Plan for BCI:  Once I get better at making Mu waves, it will be easier for the computer to differentiate between my relaxed state (strong Mu waves) and my "thinking about my hand" state (no Mu waves).  Once the computer can differentiate between these two states, I will have my magical brain-controlled interface.  Moreover, since the brain is sided (left side vs right side), the computer should be able to tell the difference between thinking about the left hand versus thinking about the right hand.  With two controls (left and right) we can start doing more complex activities...like moving robot arms back and forth...or like changing the television channel up and down...or like driving a rover forward and back.

Yeah, this is gonna be cool...

Follow-Up: I recorded more Mu waves using some homemade electrodes
Follow-Up: I can now view my Mu waves using a real-time spectrogram in my Processing GUI

10 comments:

  1. If you go to this link (http://www.slideshare.net/roopchandps/eeg-wave-pattern-14999919) and jump to slide 11, it says this about Mu Waves:

    * Rhythm of Alpha Frequency
    * In you adults (Chip comment: huh!?!)
    * Arch like morphology
    * Blocked by motor movement (Chip comment: I agree)
    * Not affected by eye opening (Chip comment: I agree)
    * Blocked by mental arithmetic (Chip comment: Really? I'll have to try this.)

    Gotta be careful with the internet, though. You can't believe everything that you read. Take it as inspiration and then test, test, test!

    ReplyDelete
  2. Since about 40-50% of the EEG signal at an electrode is based on volume condition (e.g from not "under" the electrode), your "right body" signal at C3 will contain a fair amount of the "left body" signal at C4... might try using Cz as your reference when analyzing, e.g.
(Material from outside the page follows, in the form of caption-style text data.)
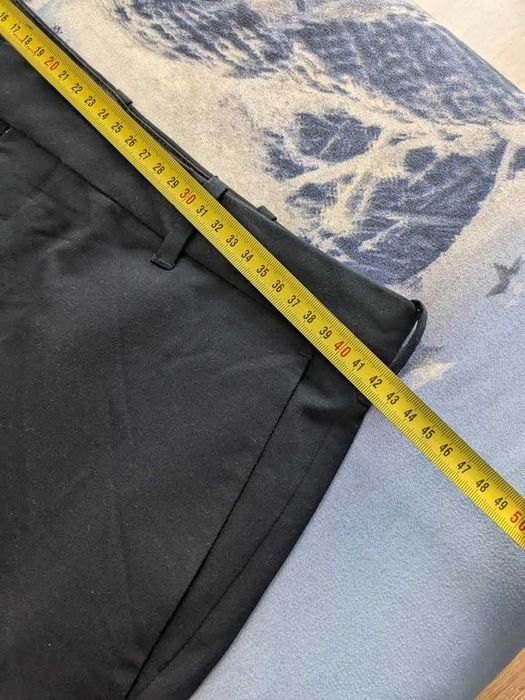 Pantaloni Bărbați IZOD Straight - Stil Clasic și Confortabil. NOU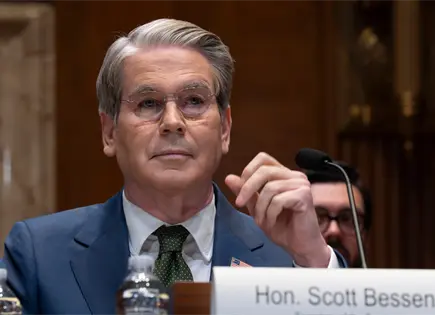 Trump sanciona refiner&iacute;a china por petr&oacute;leo iran&iacute; y navieras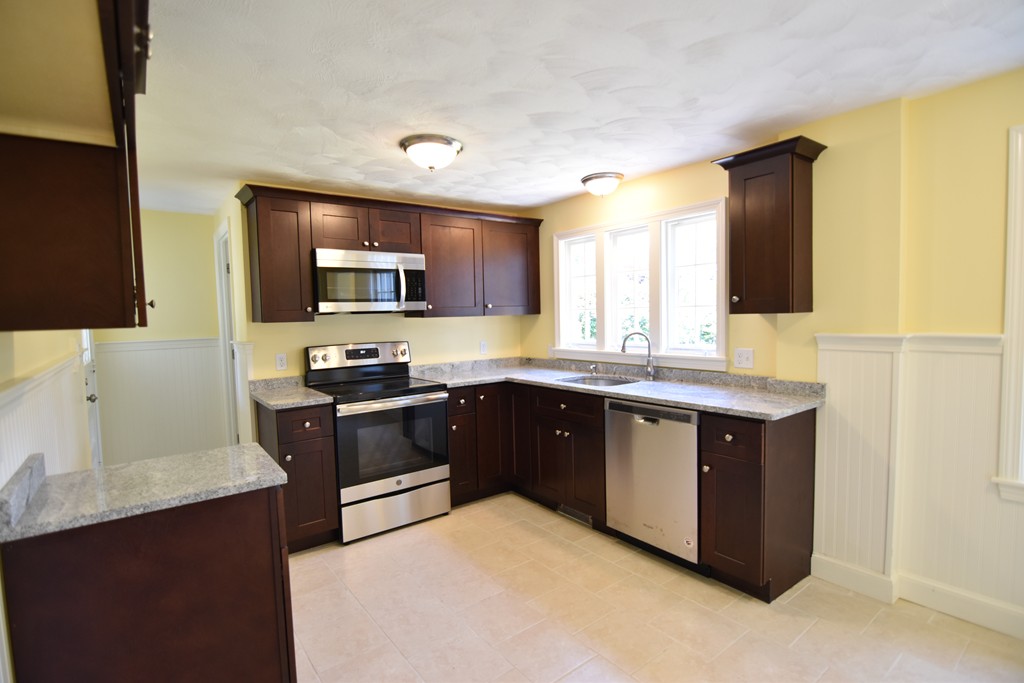 29 Maybrook Road Springfield, MA 01129 - Photo 4 of 30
C3-Cz for right "hand", C4-Cz for left "hand". As Cz will have about equal amounts of each hand imagery / Mu, then using that reference scheme as a common-mode-rejection trick should attenuate the contralateral Mu more, and enhance the signal "at" C3 and C4.

    Would be even better if you gathered A1 and A2 (C3-A1, C4-A2) as well as Cz. Oz will often have lots of noise - close to loud neck/shoulder muscles (EMG). Pz would also pick up the strong visual stuff fairly well, if you were looking for a visual signal.

    ReplyDelete
    Replies
    1. Thanks for the comment! I did do a little bit of exploration of using Cz as my reference instead of Fz, but it wasn't a proper study. I'll have to go back and try it again.

      For those folks doing Mu Wave detection who want to do hand (C3, C4) as well as feet (Cz), what reference do they use? Do they use the ears (A1, A2)?

      Delete
  3. I wish to know the cost of the electrode used(from biopac)

    ReplyDelete
    Replies
    1. Hello!

      If you follow the link provided, the Biopac webpage (at least here in the USA) shows that they are $20 each. There are definitely cheaper ones around, but back when I did this post, that's what I used.

      Good luck!

      Chip

      Delete
  4. Could you provide any insights about what software did you use to plot and visualize the EEG on your computer?

    ReplyDelete
    Replies
    1. For these plots, I used Matlab, because I have access through my professional work. Because it is so expensive, I've now switched to using Python to do my analysis and plotting. I've shared some of my code and data on my EEGHacker GitHub:

      https://github.com/chipaudette/EEGHacker

      Delete
  5. Excuse me. I will explore Mu-rhythm detection ways for my thesis. If you are submitting MU-rhythm files on github, could you give a specific reference on it.

    ReplyDelete
  6. I am a student in the US. I use the Biopac MP 150 to record EEG activity from F3 and F4 regions. What software have you used to exhibit the spectrogram??? I have visited this sight multiple times and have tried to find something on the MP 150 software to replicate your spectrogram and have not found how to do this...please help me!!